27 April to 16 May 2010
Alan Pearson’s upcoming exhibition Con Brio represents a series of work the artist has painted in the last two years. While works in the show have their genesis in the world of existence, typically they also embody abstract concepts like the metaphysical, the psychic and the psychological.
Life in its vast complexity has long been of conceptual interest to the artist, along with the idea that we are in a symbiotic relationship with the land and our immediate surroundings and circumstances. Visual and experiential impressions impact on us but equally our impression of the land and surroundings is constantly transformed by dominant emotional states brought on by the exigencies of negotiating the world we live in. Pearson views the many facets of existence as a complex dance in which experiences, emotional states and consciousness are abstracted and are made evident in the work.
The nature of living is about constant transformation, movement, change, dynamics and rhythms, be they cyclical, physical or psychological. Thus, while the visible world might be the starting point for Pearson, it is not merely the point and is not the end point. Life is a full scale drama and for him as an Expressionist painter, it is as much about the interplay between visible and known forms, such as man and landscape, and abstract concepts. In the process Pearson aims to show the interplay between the physical and the spiritual.

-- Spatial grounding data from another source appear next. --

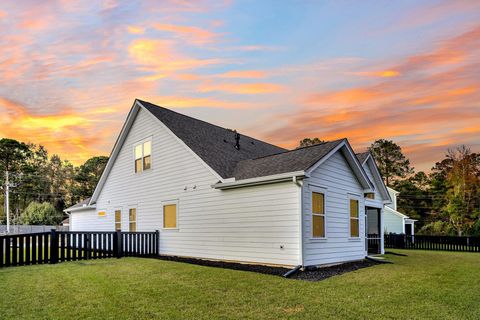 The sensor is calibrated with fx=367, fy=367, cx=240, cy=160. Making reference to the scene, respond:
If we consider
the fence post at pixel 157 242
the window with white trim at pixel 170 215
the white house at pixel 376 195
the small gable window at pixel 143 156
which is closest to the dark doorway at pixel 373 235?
the white house at pixel 376 195

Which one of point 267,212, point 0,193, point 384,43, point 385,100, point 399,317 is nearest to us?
point 399,317

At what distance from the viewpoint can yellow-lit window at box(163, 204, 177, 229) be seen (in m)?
14.0

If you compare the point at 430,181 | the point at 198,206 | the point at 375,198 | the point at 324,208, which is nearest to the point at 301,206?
the point at 324,208

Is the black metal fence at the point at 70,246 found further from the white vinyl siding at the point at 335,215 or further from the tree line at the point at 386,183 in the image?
the tree line at the point at 386,183

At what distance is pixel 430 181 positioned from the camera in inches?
1944

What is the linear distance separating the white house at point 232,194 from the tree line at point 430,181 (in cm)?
2723

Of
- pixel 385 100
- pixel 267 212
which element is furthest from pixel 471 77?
pixel 267 212

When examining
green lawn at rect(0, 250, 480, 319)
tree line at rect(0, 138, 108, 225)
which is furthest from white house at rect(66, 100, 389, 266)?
tree line at rect(0, 138, 108, 225)

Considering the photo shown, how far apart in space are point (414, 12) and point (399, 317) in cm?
1007

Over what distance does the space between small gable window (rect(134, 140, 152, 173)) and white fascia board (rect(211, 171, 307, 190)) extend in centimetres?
480

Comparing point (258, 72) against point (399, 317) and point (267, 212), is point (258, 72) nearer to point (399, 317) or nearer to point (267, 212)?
point (267, 212)

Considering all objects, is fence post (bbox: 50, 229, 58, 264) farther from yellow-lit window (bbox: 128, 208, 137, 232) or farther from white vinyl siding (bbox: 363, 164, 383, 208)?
white vinyl siding (bbox: 363, 164, 383, 208)

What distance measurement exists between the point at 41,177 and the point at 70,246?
4880cm

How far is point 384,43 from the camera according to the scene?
1291 cm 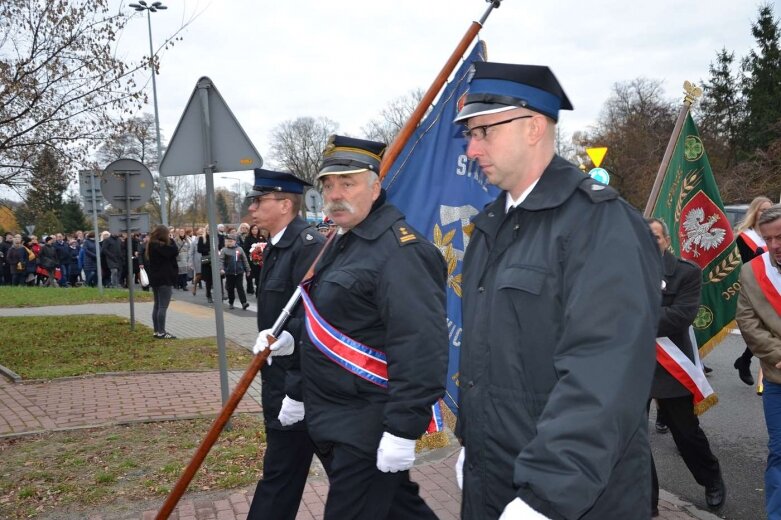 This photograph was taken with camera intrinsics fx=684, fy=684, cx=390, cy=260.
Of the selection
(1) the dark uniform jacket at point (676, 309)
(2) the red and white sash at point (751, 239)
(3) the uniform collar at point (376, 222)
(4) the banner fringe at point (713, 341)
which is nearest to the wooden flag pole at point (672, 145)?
(4) the banner fringe at point (713, 341)

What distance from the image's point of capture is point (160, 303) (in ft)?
38.3

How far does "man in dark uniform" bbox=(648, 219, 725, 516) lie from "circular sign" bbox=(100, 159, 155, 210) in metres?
9.33

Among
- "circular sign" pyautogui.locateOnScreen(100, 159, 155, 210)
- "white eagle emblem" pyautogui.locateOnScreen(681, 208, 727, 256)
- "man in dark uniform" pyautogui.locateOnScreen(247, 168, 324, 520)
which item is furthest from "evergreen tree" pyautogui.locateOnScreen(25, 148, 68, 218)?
"white eagle emblem" pyautogui.locateOnScreen(681, 208, 727, 256)

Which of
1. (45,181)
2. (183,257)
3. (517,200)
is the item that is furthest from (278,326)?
(183,257)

What interests the artist is physic drama. Pearson’s work describes this state as a dance between the spirit, its relationship to the physical world it responds to and the body it is encased in. Pearson’s work is often populated with sprite or ghost-like beings, simulacrum, that seem to flit in and out of depth and space.
There are strong parallels between Pearson’s work and music. Indeed, speaking to the artist himself is not unlike observing a complex musical score unfolding, it is thus easy to see the man himself sprite-like, frolicking and cavorting across his surfaces bringing the full gamut of life’s experiences; beauty and ugliness; hope and despair; past and present; the known and the unknown.
The painted surface can be read as a literal evocation of music, dance and rhythm in the way paint is applied in bold over-lapping strokes, sometimes grid-like and sometimes free and expressive but always with an underlying sense of tempo. Pearson creates symphonies of sound, movement and energy. Similarly, colour assumes both a physical and metaphysical role; thrown around, lingering in deep rich solid swathes or wafting transient-like into space. Like music Pearson’s forms retain shape for an instant, but are under a state of perpetual transformation. In this way the expressionist painter leaves and conjures traces of meaning, in a sequence of bravuristic colours, moves and impressions.
The poet in the painter is seen in Pearson’s great ability to compact ideas and concepts – this means that having painted from life for over forty years, he is equally adept at conveying the immaterial and insubstantial – these works are mana from heaven – a rich repository of food for the mind and the soul.